La distinction entre les deux termes est connue dans les milieux juridiques et ces notions font l’objet d’articles distincts dans les chartes canadienne et québécoise. Elle ne signifie pas que les libertés sont moins protégées ou moins fondamentales que les droits.

Dans le Code civil, un droit est un avantage que quelqu’un d’autre a l’obligation de fournir au titulaire de ce droit. Ainsi, lorsqu’un employé a droit à un salaire, c’est que son employeur a l’obligation de le lui verser.

Une liberté, par ailleurs, est une absence d’interdiction ou de contrainte déraisonnable. Une liberté protégée par une charte suppose qu’il est interdit de l’abolir, mais les contraintes inhérentes à l’exercice de cette liberté sont à la charge de son titulaire. L’objet de la liberté n’a pas non plus à être fourni par un autre. La liberté d’opinion signifie que chacun peut avoir l’opinion qui lui convient, s’associer à des personnes de même opinion et tenter de convaincre. Elle n’implique pas qu’une personne sans opinion puisse revendiquer qu’on lui fournisse l’opinion qu’elle n’a pas.

Les normes civiles prévalent sur les prescriptions religieuses

Ainsi en est-il de la liberté religieuse qui n’implique nullement l’obligation pour l’État et les institutions publiques de procurer à tout adepte d’une religion les instruments de sa pratique religieuse. En cas de conflit entre les normes publiques démocratiquement établies et les prescriptions religieuses, il n’y a pas lieu, au nom d’une liberté religieuse mal comprise, de faire prévaloir les obligations religieuses sur les normes civiles.

Que dit la Déclaration universelle ? Elle garantit le « le droit à la liberté de religion », ce qui veut dire que les citoyens ont droit à ce que la loi de leur pays protège la liberté religieuse ; elle n’accorde pas un « droit à la religion », ce qui impliquerait que les États devraient fournir les moyens d’exercice de chaque religion. Dire cela, ce n’est pas dévaloriser la liberté de religion qui reste une liberté fondamentale.

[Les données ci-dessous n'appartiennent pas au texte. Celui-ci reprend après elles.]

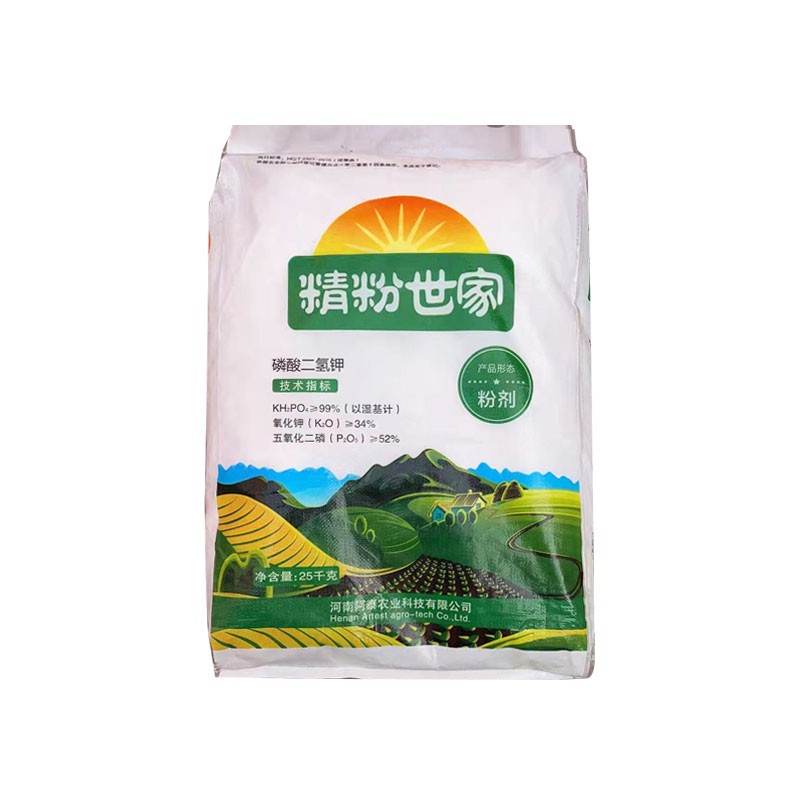 精粉世家磷酸二氢钾-25kg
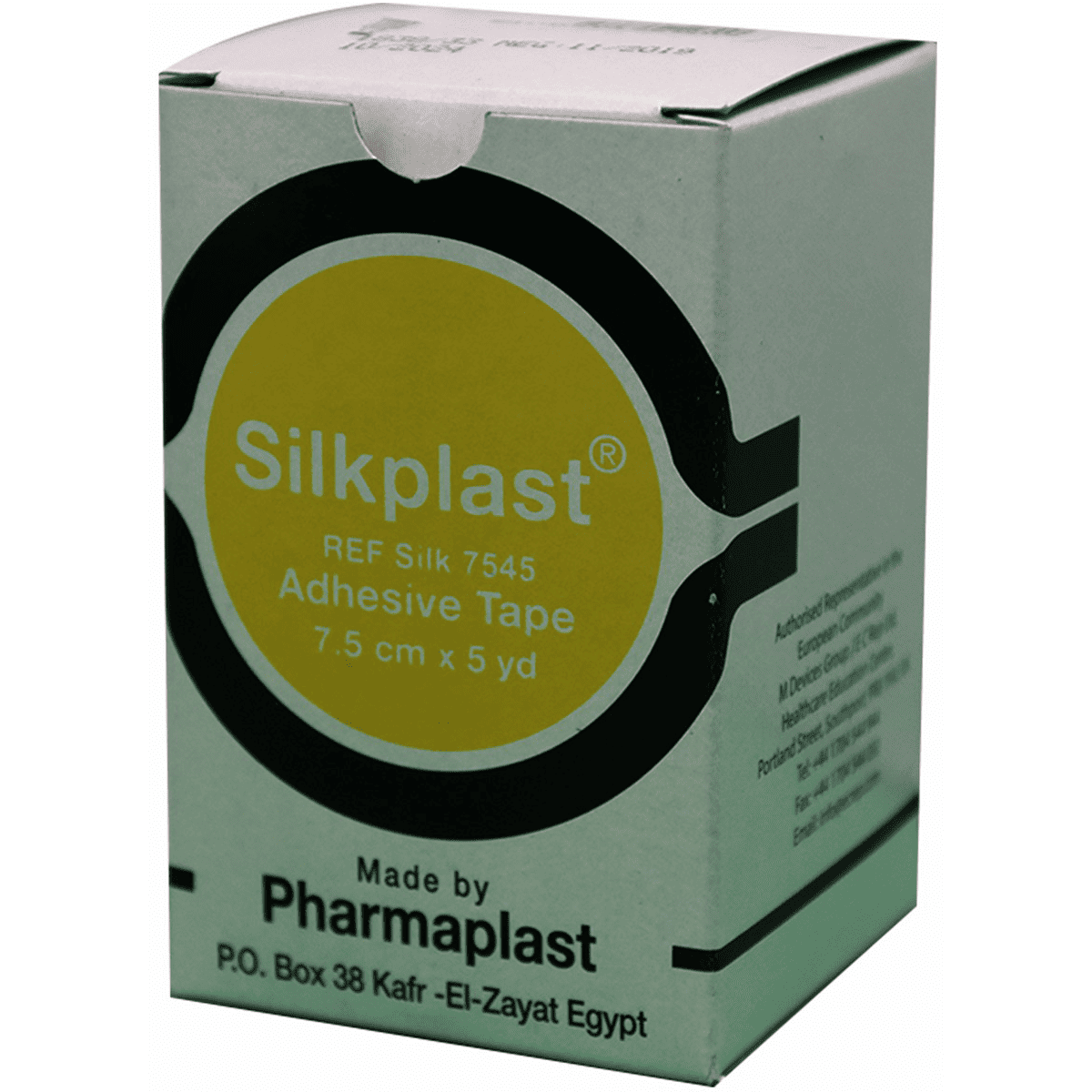 Plaster Tape Silk Plast 7.5Cm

Une distinction entre lieux et espace publics

Une autre distinction qu’André Pratte ne fait pas est celle entre « lieux publics » et « espace public ». L’espace public désigne habituellement les institutions publiques telles les écoles et les tribunaux. Ce que protège la Déclaration universelle, c’est la liberté de manifester sa religion « en public ». Les lieux de culte ouverts au public, notamment, répondent à cette exigence et le Mouvement laïque québécois ne s’est jamais opposé de quelque façon que ce soit à la liberté d’exprimer ses convictions religieuses en public ou même sur la place publique. Par contre, rien dans la Déclaration n’oblige les institutions publiques à accorder des dérogations à des normes démocratiques sur la base de la religion de chacun.